--- Work order ---
Each line below must be transcribed exactly, and no picture may appear in the transcription.
** Opening Recorded information block **
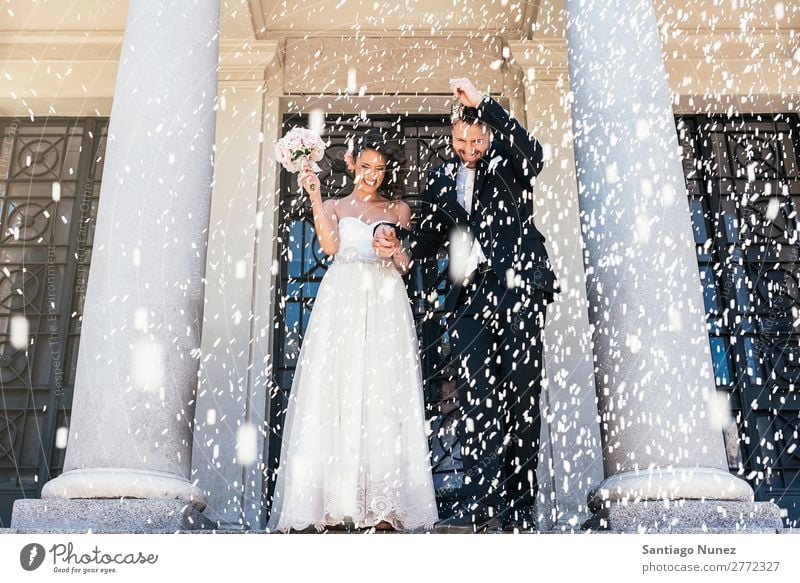 Newly married couple leaving the church. Wedding Rice throwing Family & Relations newlywed Happy Couple Married Bride Human being Woman White Man Love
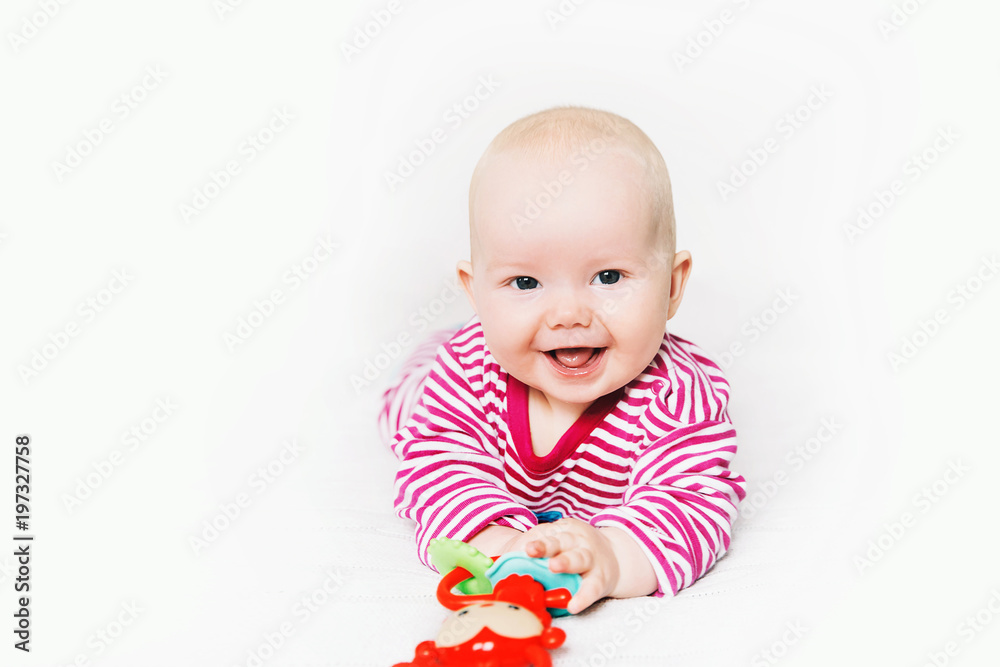 Smiling cutest baby playing with colorful toys Smiling cutest baby playing with colorful toys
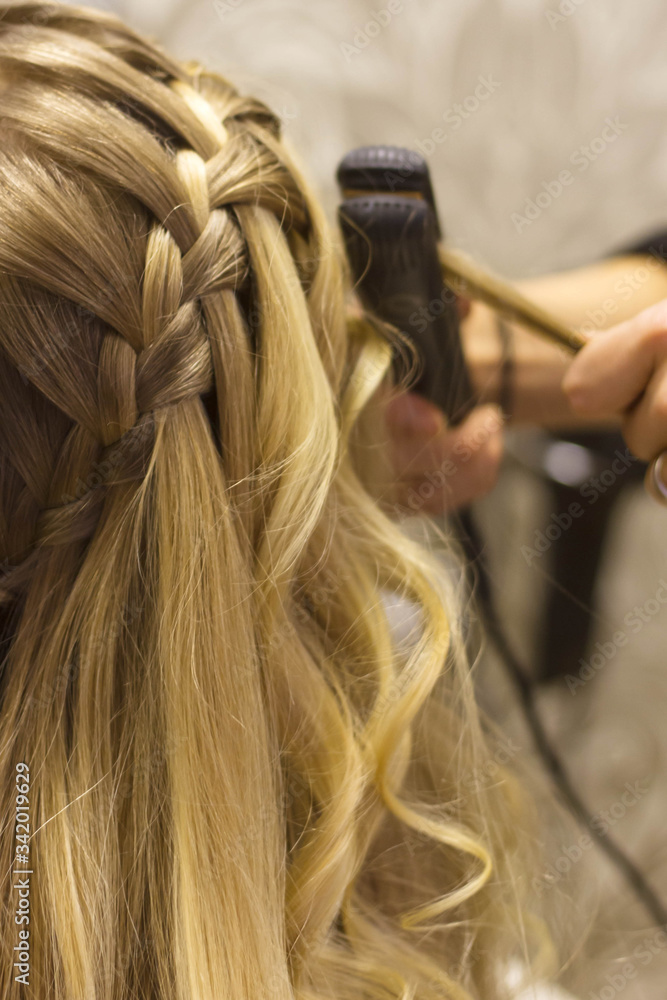 Fototapeta premium Long blonde hair being braided plaited into an intricate hairstyle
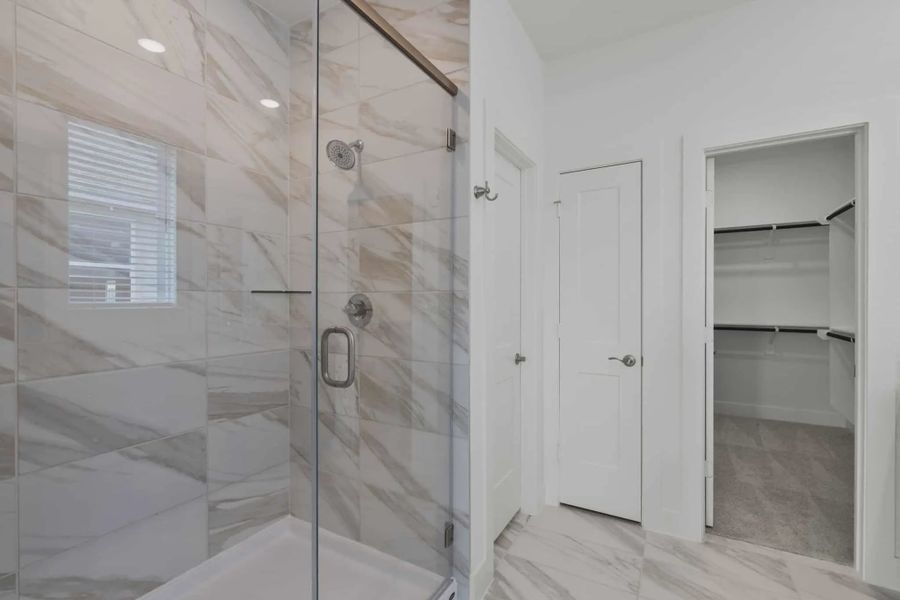 Representative furnished interior of a home built from the Riverdale by Chesmar Homes in Meridiana Courtyard Collection, Manvel (Image 10).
** Closing Recorded information block **
--- Task answer ---
 Newly married couple leaving the church. Wedding Rice throwing Family & Relations newlywed Happy Couple Married Bride Human being Woman White Man Love
 Smiling cutest baby playing with colorful toys Smiling cutest baby playing with colorful toys
 Fototapeta premium Long blonde hair being braided plaited into an intricate hairstyle
 Representative furnished interior of a home built from the Riverdale by Chesmar Homes in Meridiana Courtyard Collection, Manvel (Image 10).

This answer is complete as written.